→ **TASK OBJECTIVE**
Your answer is the lines below, exactly, from the one that contains "100% merino wool" through the one that contains "Steigerhouten kast", both included.

→ **EXTRACTED ENTRIES**
==*==
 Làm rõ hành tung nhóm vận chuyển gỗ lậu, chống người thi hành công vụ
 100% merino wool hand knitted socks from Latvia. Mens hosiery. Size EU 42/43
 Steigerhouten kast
==*==
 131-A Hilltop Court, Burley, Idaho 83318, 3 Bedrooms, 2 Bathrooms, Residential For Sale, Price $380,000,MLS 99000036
==*==
→ **RESULT**
 100% merino wool hand knitted socks from Latvia. Mens hosiery. Size EU 42/43
 Steigerhouten kast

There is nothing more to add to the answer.